Journal du conteur

Quand la file d’attente et l’impatience ont trop grandi…

Quand la file d’attente et l’impatience ont trop grandi, la foule s’exaspère, quelques-uns commencent à pousser, bientôt imités — de gré ou de force — par tous leurs devanciers, et les portes du théâtre sont forcées. On fait irruption dans les travées ; en quelques instants les dernières places et même les accoudoirs sont tous occupés ; les gens accroupis au pied des sièges essaient de distinguer la scène entre les dossiers des fauteuils et les têtes… La salle entière est comble, mais tout le monde, loin de là, n’a pas pu entrer encore, et le spectacle continue, sans entracte, à marche forcée.

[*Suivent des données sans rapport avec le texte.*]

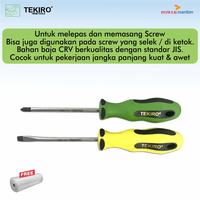 Gambar Obeng TPR Plus Minus Merk Tekiro Screwdriver TPR Tersedia Semua Ukuran - SD-TR0882 (+) dari Power Maritim undefined 2 Tokopedia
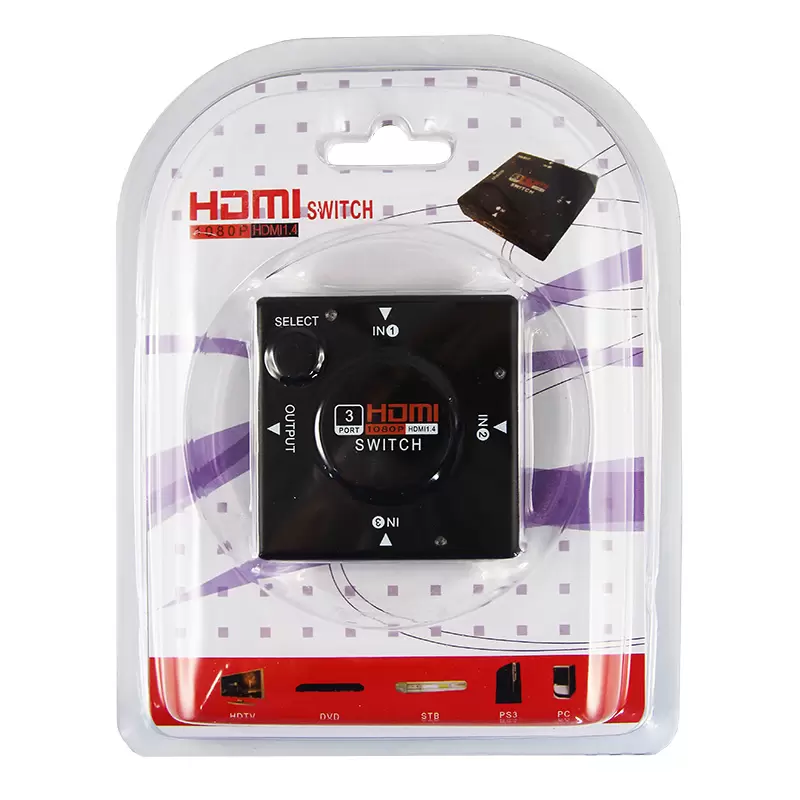 Переключатель гнездо HDMI на 3 гнезда HDMI, без питания, пластик REXANT в Самаре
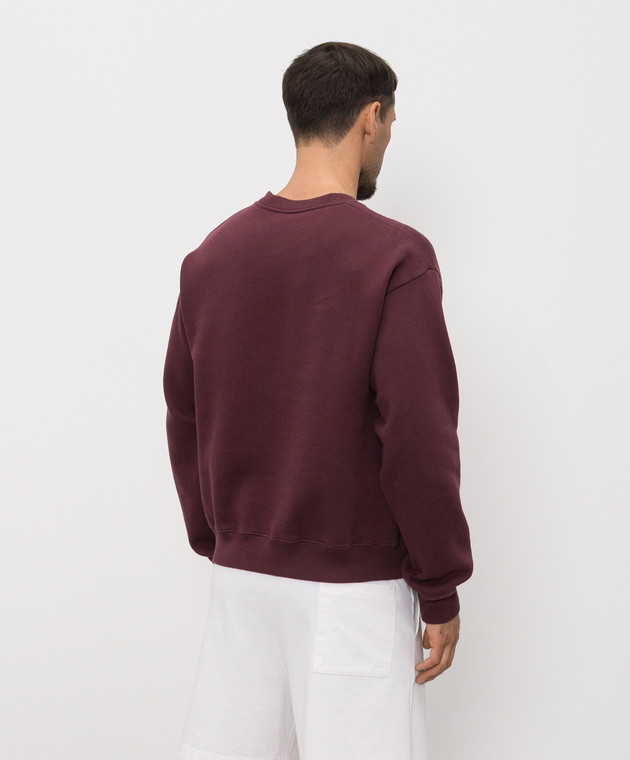 Sporty & Rich Бордовий світшот з вишивкою логотипа ST09875412RE02 зображення 4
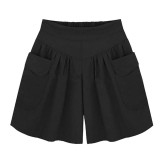 Summer Casual Loose Ladies Shorts Women High Waist Short Wide Leg Shorts Plus size 5XL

Ceux qui sont demeurés coincés dehors continuent à pousser ; de proche en proche ils appuient sur le dos de ceux qui se pressent aux portes de la salle, qui à leur tour ne peuvent que pousser sur les spectateurs… si bien qu’au bout d’un moment, par la seule force de cette poussée continuelle, des spectateurs sont jetés sur la scène. Nécessairement ce sont ceux qui étaient les plus proches d’elle, donc ceux qui sont là depuis le plus longtemps, peut-être depuis assez longtemps pour avoir déjà au moins une vague idée du sens du spectacle, qui leur permet, bien qu’il ait commencé depuis très longtemps — bien avant leur naissance —, de s’y intégrer mieux que n’auraient pu le faire les derniers arrivés, qui ont à peine pu jeter un coup d’œil sur la scène, qui sont trop loin pour entendre distinctement les acteurs et attendent impatiemment — moins impatiemment que lorsqu’ils étaient dehors, toutefois — de découvrir de quoi il retourne.

Les acteurs de leur côté, suivant les moments accueillent les nouveaux venus avec plaisir voire avec soulagement — ils vont enfin pouvoir se reposer —, ou bien tentent de les rejeter ou en tout cas d’en empêcher d’autres d’envahir la scène en tenant pointées vers la salle des piques effilées. Un œil est crevé de temps en temps, et les cris, les soubresauts qui agitent à cette occasion toute la foule de la salle arrêtent pour un temps toute poussée. Mais pour un temps seulement, car dehors la foule est sans cesse renouvelée pour assister au spectacle qui se joue sur la scène, où la plupart des acteurs ont à peine le temps de choisir ou d’inventer leur rôle, de décider à qui s’adresser, de balbutier, en réponse à une question qui ne leur était peut-être même pas adressée ou du moins pas seulement à eux, la réplique presque toujours mal improvisée qu’ils avaient cru préparer — qui passe inaperçue, ne change rien, aurait parfaitement pu ne pas être dite —, tandis qu’on les pousse à bas de la scène vers la coulisse d’où ils courent se remettre dans la queue — avec peu d’espoir cependant : chacun sait que rares sont ceux qui ont la chance d’obtenir plus d’un seul passage dans leur vie.